How to Live a Long and Happy Life

Ikigai: The Japanese Secret to a Long and Happy Life is such a pretty, calming, little book to look at. And what’s inside feels the same way.

I used to think purpose was this big, shiny thing you either found or didn’t. Like some magical treasure at the end of a scavenger hunt called “Life.” Spoiler: that hunt stressed me out.

Then I came across the idea of ikigai. Japanese for “a reason for being,” but more like… the tiny sparks that make life feel alive. The moments where you’re doing something and time doesn’t exist, where you feel like you’re exactly where you’re supposed to be, even if it’s just for ten minutes.

Photo by Arina Krasnikova on Pexels.com

For me, those sparks show up in the small stuff. Writing, obviously, is always my way to process life without exploding. But also cooking when I actually want to, not just for survival mode dinners. There’s something about chopping, stirring, tasting, and tweaking that pulls me right in. Flow.

Or organizing. Yes, organizing. That weirdly satisfying click when everything falls into place exactly the way it should. Or researching some random topic and somehow ending up three hours deep in the most obscure corners of the internet. Even gaming, building worlds, solving puzzles, and losing myself in a story can light that spark.

None of it has to be “productive.” Productivity is overrated. These little sparks exist for one reason: to remind you that joy is alive, waiting in the corners of your everyday life.


If you want to start noticing your own sparks, here’s what’s actually helpful:

  1. Pay attention to what makes time vanish. That feeling where fifteen minutes somehow becomes two hours? That’s a clue.
  2. Notice what you actually enjoy. Forget what looks good on paper. If coloring your pantry or painting tiny models or gardening makes you happy, that’s real.
  3. Recognize what feels easy. The things you’re naturally good at are often hiding in plain sight. No struggle required.
  4. Notice when you feel useful. Maybe it’s helping someone solve a problem, making something someone else enjoys, or just being a calming presence. Big or small, usefulness counts.
  5. Allow yourself to enjoy things. Joy doesn’t need to make sense or come with a paycheck. Sometimes it just needs you to show up and say, “This matters to me.”

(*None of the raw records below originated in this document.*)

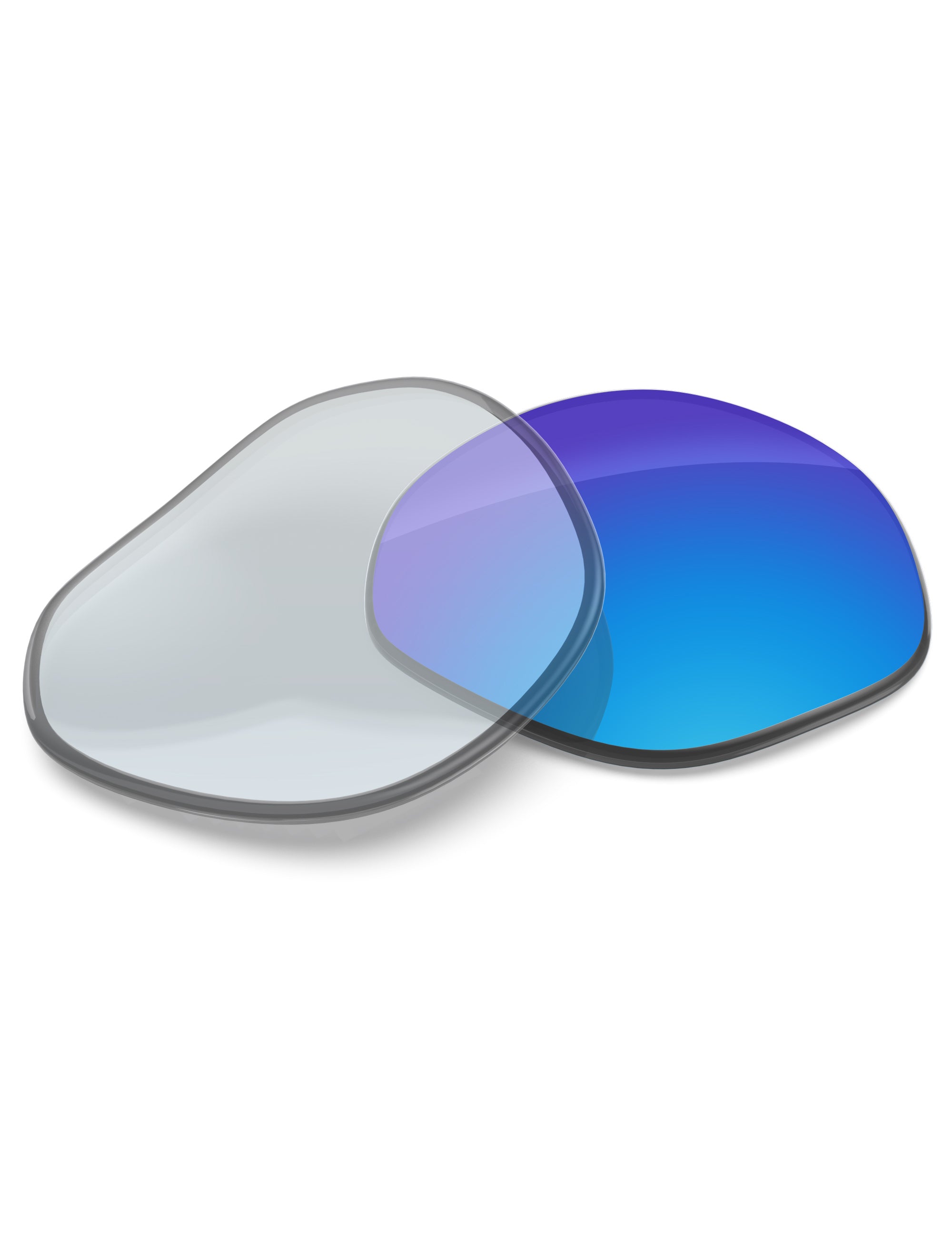 Sky Blue lashMirror™ Photochromic-Non-Polarized
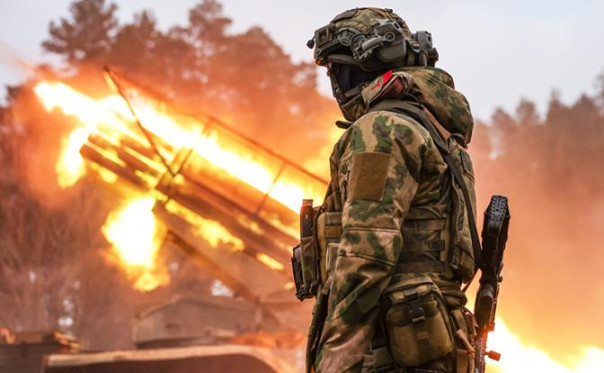 ВС России нанесли удары по расположению наемников под Харьковом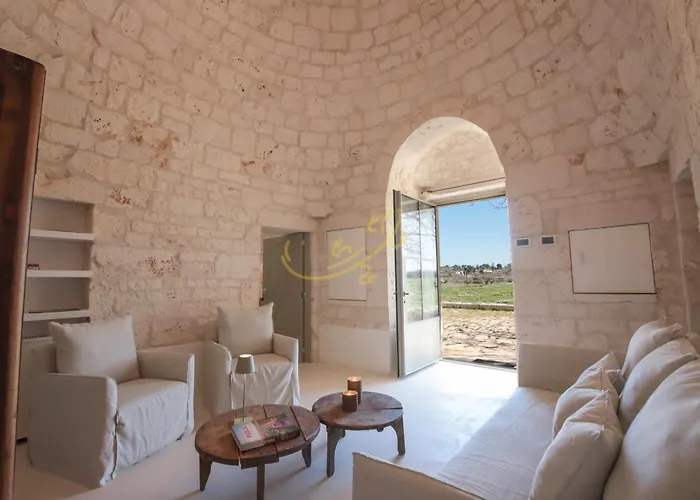 Вилла Td I Coni Di Pinure Trulli With Scenic Valley ...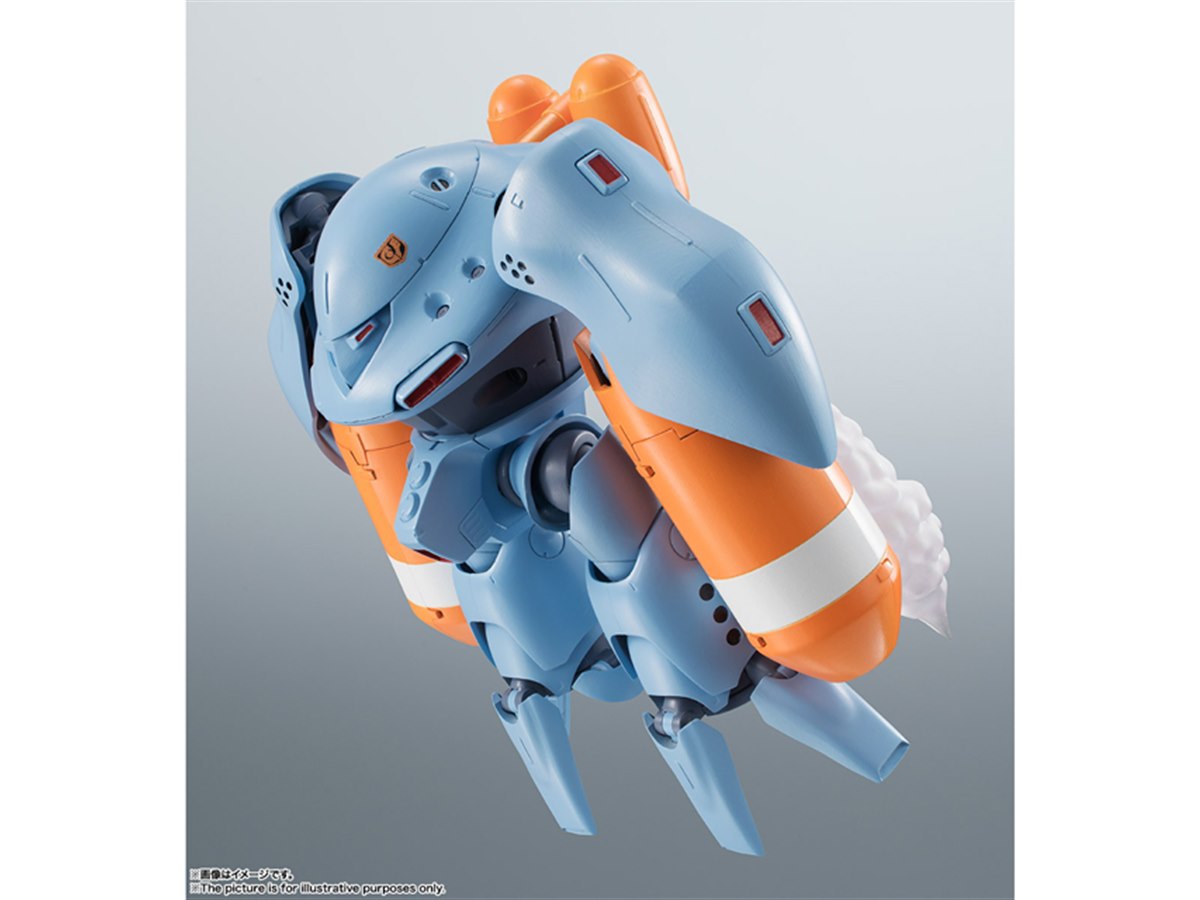 ROBOT魂　ハイゴック レビュー】 ROBOT魂 ＜SIDE MS＞ MSM-03C ハイゴッグ ver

For me, naming my sparks (thanks, ikigai) has made me pay attention to them more. I don’t have to turn every part of life into some huge mission. I can just exist in these little pockets of calm, creativity, and connection, and honestly, that’s enough.

So today, let yourself get lost in something. Cook, craft, game, research a weird rabbit hole, do whatever pulls you in. Your purpose isn’t hiding in some dramatic reveal; it’s already here, quietly lighting up the corners of your life.